Step 7: 最初の1〜2か月は「前月差異」と「税目別リスク」を重点チェック
- 月次:前任と新税理士で数字がズレた場合、ズレの要因(未収/前受、棚卸、科目)を特定
- 税目:源泉所得税・消費税(課税売上の判定)・償却資産・事業税の論点を確認
- 申告:決算が近い場合は、申告書の構成(別表、内訳書、概況書)を早めに共有
トラブルが起きる典型パターンと回避策
パターン1:解約通知を先に出して、資料が回収できない
回避策:解約通知の前に、返却物(紙・データ)の範囲、返却期限、費用負担を合意します。「誰が持っているか」を曖昧にしないことが重要です。
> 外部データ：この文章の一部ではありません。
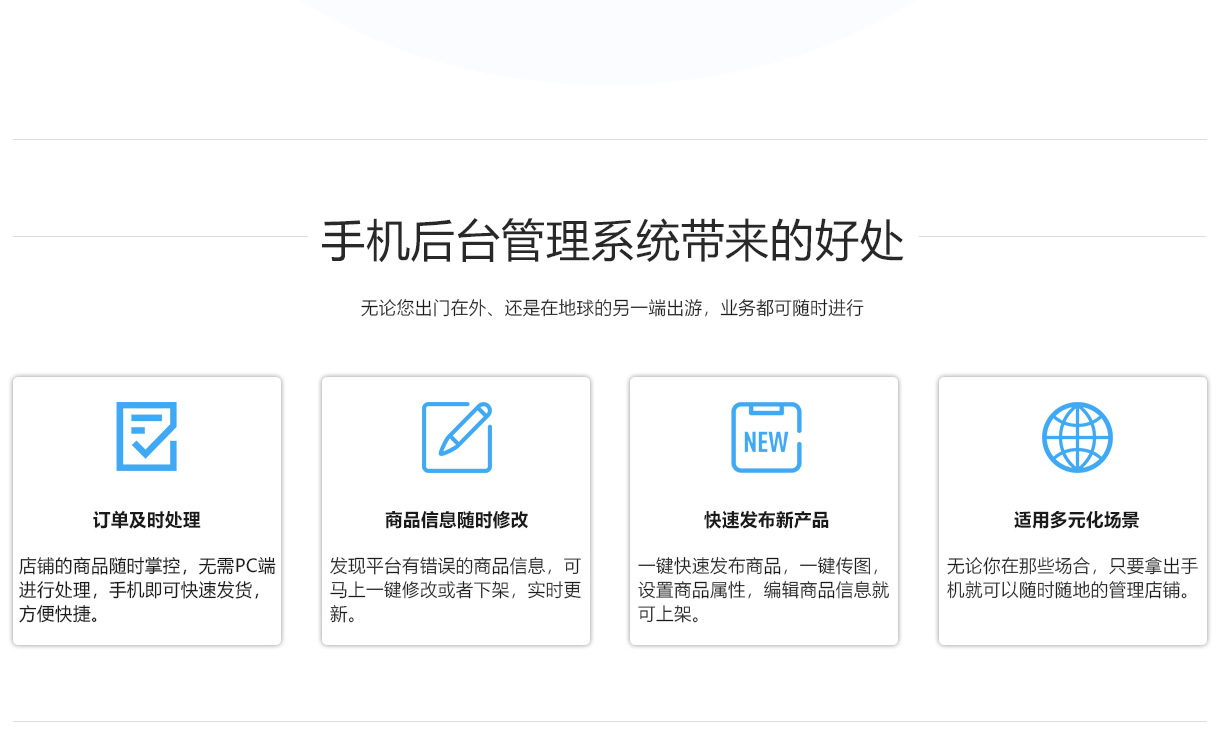 移動后臺分銷系統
パターン2:クラウド権限の切替で、過去データにアクセスできない
回避策:権限移管は「閲覧の確保→データ書出し→権限削除」の順番。アカウント削除を急がない。
パターン3:給与・住民税・社保の締め情報が引き継がれない
回避策:給与は税理士・社労士・院内担当が絡みます。締め日、支給日、住民税の徴収方法、社保の算定/随時改定の状況を、チェックリストで共有します。
ケーススタディ(匿名)
開業3年目の内科で、前任税理士が「申告のみ」体制のまま患者数が増え、自由診療も開始。月次の遅れと消費税区分の混在が積み上がっていました。切替時に「過去2年分の科目・区分の見直し」と「レセプト入金ズレの月次ルール化」を先に行い、3か月で月次が安定。以後は資金繰り表と設備投資判断まで含めた運用に移行しました。ポイントは、変更直後に処理を増やすのではなく、判断基準を固定して迷いを減らしたことです。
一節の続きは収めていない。